“He’ll do nothing.”
I laugh softly. “You’re wrong. You are so wrong. Trust me on this, I know better than you.”
“Then we just won’t tell him.”
I put my hands on my hips. “Tell him what, exactly?”
“Whatever it is you don’t want him to know.”
“There is nothing I don’t want him to know.”
“That’s not true.”
“It is!”
A third voice bursts in: “There you are!”
I snap my head toward the house, see Dad storming out into the garden. Duncan just smirks at me, like this is all a game.
“You really don’t want to be pissing my Dad off,” I say to him quickly. “I mean, about anything at all. He’s got a temper.”
“I can handle your father.”
“Duncan!”
“Yes, Glass,” Duncan says, turning toward Dad, his voice more than a little bored.
“Get inside! Let’s spar.”
“I thought you had business to attend to.”
“Well, it fell through. Come on, show me what all my money has bought me.”
Duncan looks back at me for a moment.
“You’d better go,” I whisper at him.
“I’ll see you tonight, Dee.”
“Yeah,” I say. “Good luck.”
“Don’t need it.”
He swaggers off toward Dad, who glares at me for a moment – as if I’m somehow responsible for his rotten mood – and then walks with Duncan back toward the house.
Again, I catch Duncan looking over his shoulder at me, and I look at him.
And I’m terrified at how their sparring session is going to go.
I know Dad hates to lose, and I have no doubt that Duncan can win.
I just wonder if he’ll be smart enough to not win so convincingly.
Chapter Nine
Someone I have never seen sets down a bowl of steaming soup in front of me. I turn to the woman, short, round, eyes-down.
“Thank you,” I say.
“Thank you, sir,” she says immediately, her voice quiet, before disappearing out of the door.
“Who is that?” I ask.
Glass clears his throat. I look at him, see the bright purple welt on his forehead, and the dark line of his split lip. Unconsciously, my hand goes to my own face, where I run over the slight swelling at the side of my jaw.
It was a good sparring session. I won, but he surprised me for an old man.
“That’s Susan,” Glass says irritably. “She’s on my staff, forget about her.”
Forget about her.
He just treats people like disposable things, even the people who work for him.
I turn to Deidre, sitting opposite me along the lengthy, narrow table. She doesn’t meet my eyes, and instead looks down at her soup.
“Well, what the fuck are you waiting for?” Glass growls, and when I snap my head to him, I notice he’s staring angrily at Deidre.
“Glass,” I say, pulling his attention away. “What was that move, you spun on your heel, like a pivot, but it was a fake, you bounced off and went the other way.”
He grins at me, slurps soup off his spoon. “I came up with that.”
“Yeah? It was good.” I rub my jaw, sell it. “You got me good.”
“Damn right I did, boy.

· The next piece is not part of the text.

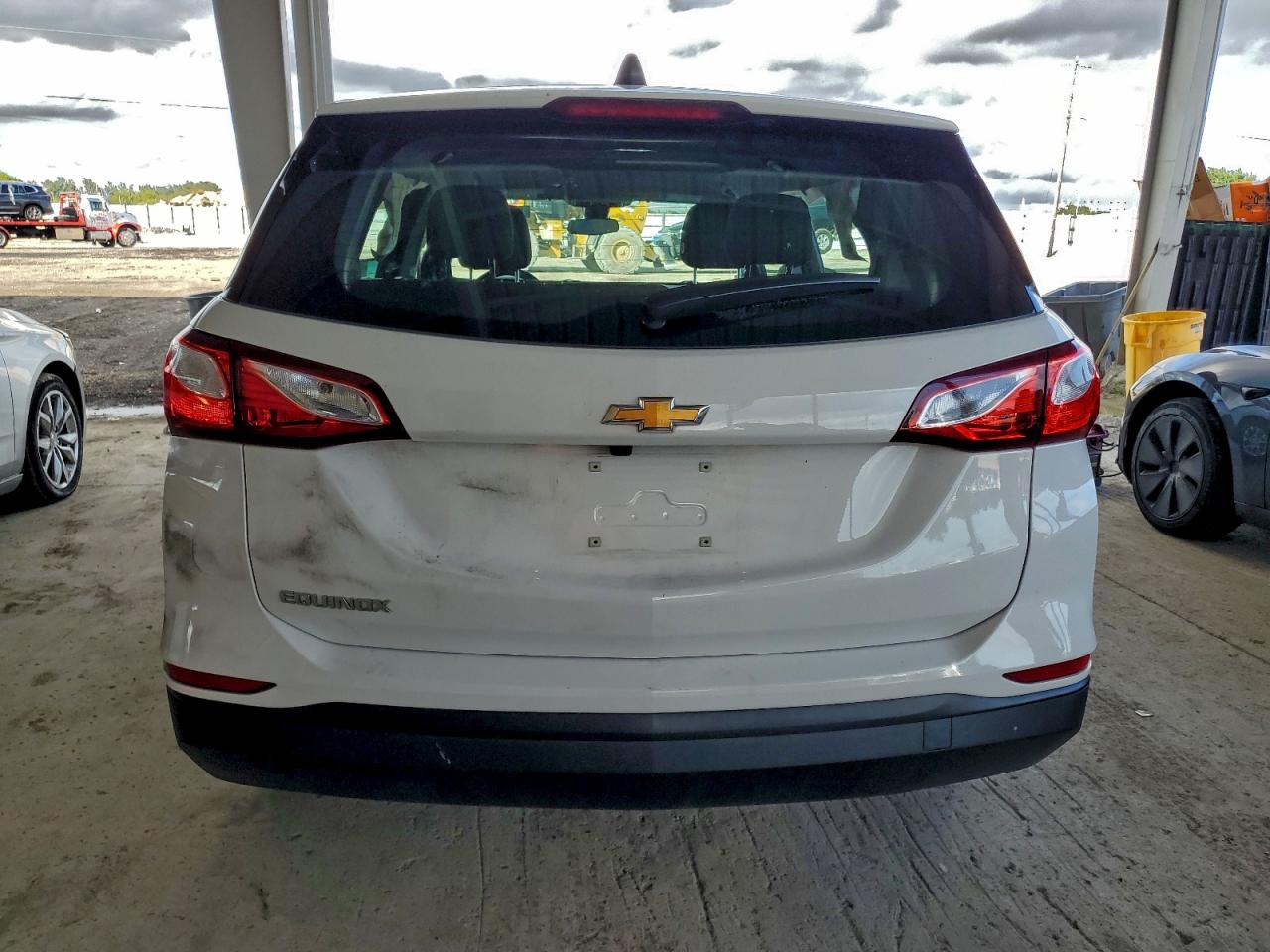 2021 CHEVROLET EQUINOX LS photo 6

I’ll tell you about it tomorrow, we don’t talk about work at the table.”
But now his mood has lightened, and I look at Deidre, and her eyes are on me.

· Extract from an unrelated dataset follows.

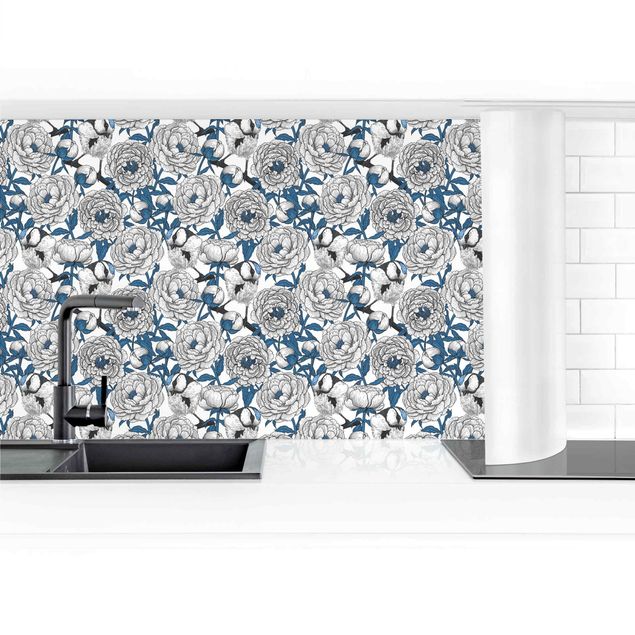 Küchenrückwand - Pfingstrosen und Meisen in Weiß und Blau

We all drink our soup in uncomfortable silence.
“Excuse me,” Glass says after a moment, as if unable to bear it any longer. “I have to make a telephone call.”
He exits the dining room, and once the door is closed, Dee says to me, “Oh my God, did you do that to his face?”
I nod at her. “Yeah, but we were wearing padded helmets. Is he always like this at dinner?”
“Yeah.”
“Does he always get on you?”
She nods slowly.
Distantly, through the heavy wooden doors we can hear his angry voice shouting on the phone.
“Does he always do business during dinner?”
“We haven’t had an uninterrupted dinner in years,” Dee tells me. “Not that I mind. It’s not like we talk.”
“Why not?”
She frowns, bristles almost. “How the hell should I know? He’s just a prick.”
“You shouldn’t let him push you around. He’s a bully.”
“He’s my father.”
“So?”
“You wouldn’t understand.”
I set down my spoon. “What do you mean?”
“You didn’t have a father.”
“Yeah, but there were plenty of bullies in my life.”
“You just joined this family,” she says. “Don’t think you understand how it works.”